Adopt the Alpha-Omega 10k critical OSS Projects list under this WG

[JLLeitschuh]

The @ossf/alpha-omega team has collected a list of the top 10k OSS projects which we are using as a target for security scanning, vulnerability reporting, and, in the future, as a list of projects that any automated bulk PR generation campaign is required to report vulnerabilities privately to.

We'd like to propose that this list be owned by this WG, both to avoid confusion between your lists, and the one @ossf/alpha-omega uses, and also because it seems like the right fit.

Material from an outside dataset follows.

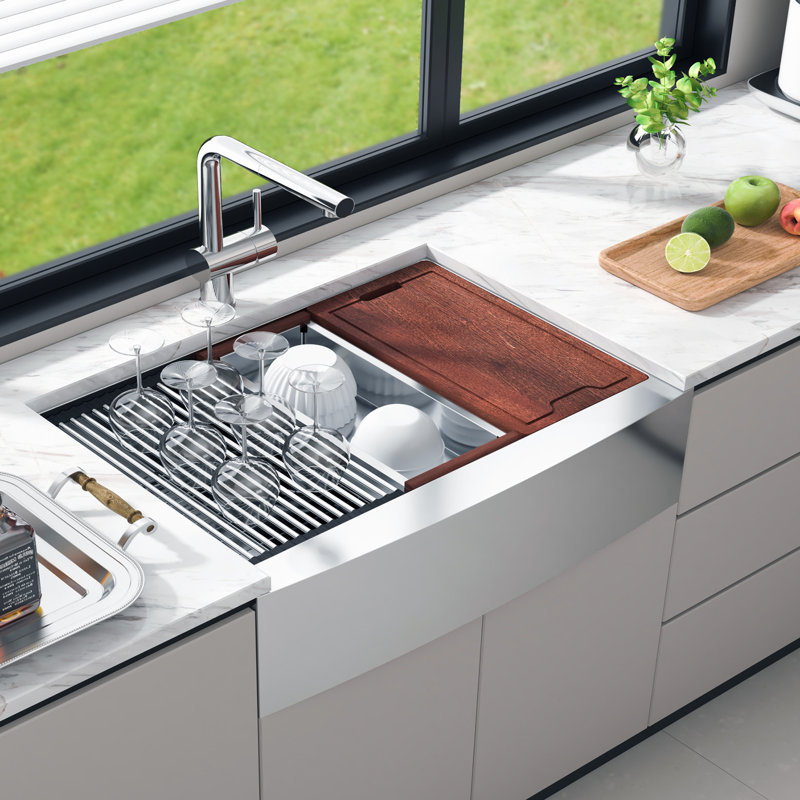 Single Bowl Stainless Steel Kitchen Sink, 36" L x 22" W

https://docs.google.com/spreadsheets/d/1fgj0DOoNC-HpHhokN75AfXk9m02mZDpFt1jpkacohus/edit#gid=0

[bureado]

Very interesting! Just to state the obvious, the list has a mix of critical and popular repos. And, while a much minor consideration, there are also duplicates, e.g., homebrew's two virtualenv packages are likely the same as pypi's virtualenv package which is likely the same as github's virtualenv repo. Stating this so that it's a bit more clear whether the definitions here or in a-o are changing as a result of this (doesn't look like this is what you're proposing, just making it more clear)

[scovetta]

Yep, the purpose of this was to get something that's "correct" to a first approximation. Since 10,000 is a Big Number, we can easily add/remove over time with a relatively low barrier to entry. When we find dupes, we can just remove one of them, and if we want to add others, we can just do it.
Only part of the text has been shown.